Two days later, Narra responded by email that he would "turn over all the source code and intellectual property developed for SkyHop Tech[ ]" in exchange for slightly over $1.1 million. In reply, SkyHop Tech counteroffered $75,000 for three months of support and consulting. Indyzen did not accept. Instead, Tech.US's chief revenue officer, Rob Milks, emailed Scotto and reiterated Narra's offer to turn over the Software for roughly $1.1 million. A few days later, Narra sent another email to say that, if the parties could not reach a financial agreement, Scotto should transfer a 32% stake in SkyHop Tech to Narra individually.

On February 9, SkyHop Tech, through its counsel, sent a demand letter to Narra. In that letter, SkyHop Tech asserted that Indyzen lacked any property right in the Software and that Indyzen's refusal to transfer was "inconsistent with SkyHop Tech's ownership rights in its Property." The letter "demand[ed] that by March 1, 2021, Indyzen transfer possession of SkyHop's Property to SkyHop Tech." That did not occur.
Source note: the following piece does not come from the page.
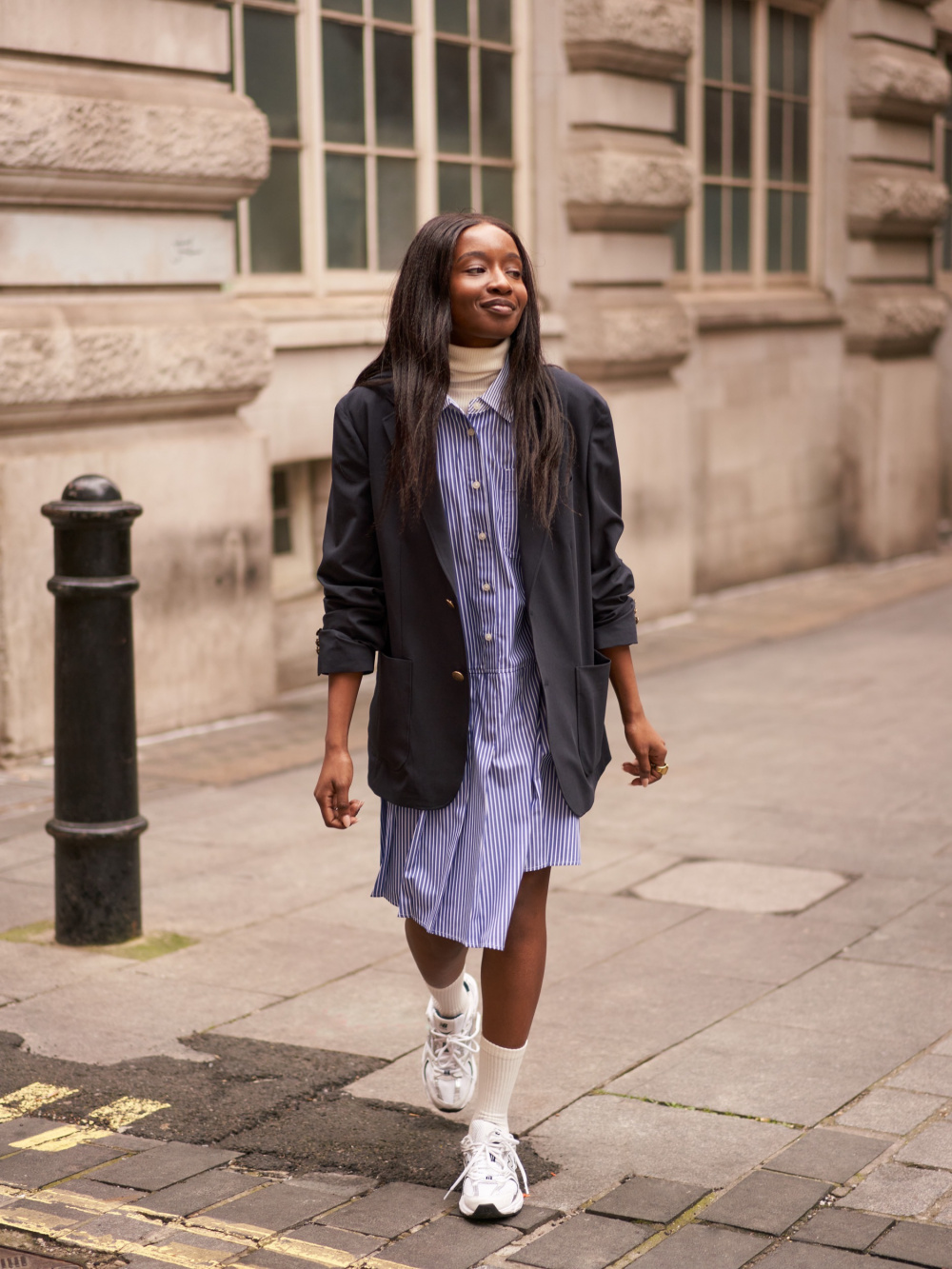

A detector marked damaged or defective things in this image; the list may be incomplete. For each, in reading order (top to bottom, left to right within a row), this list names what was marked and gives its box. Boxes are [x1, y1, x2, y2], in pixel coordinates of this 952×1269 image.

Rather, on March 12, in San Jose, California, Indyzen (in its own right) filed a Demand for Arbitration against SkyHop Global, SkyHop Tech, and Scotto with the American Arbitration Association. A few months later, Indyzen filed an Amended Demand listing Narra as an additional claimant.

SkyHop responded by suing Indyzen in the Southern District of Florida. SkyHop raised six causes of action, including three claims under the CFAA, 18 U.S.C. § 1030 ; one claim under the Florida CADRA, Fla. Stat. § 668.803 ; and two claims seeking a declaratory judgment concerning the arbitrability of the dispute.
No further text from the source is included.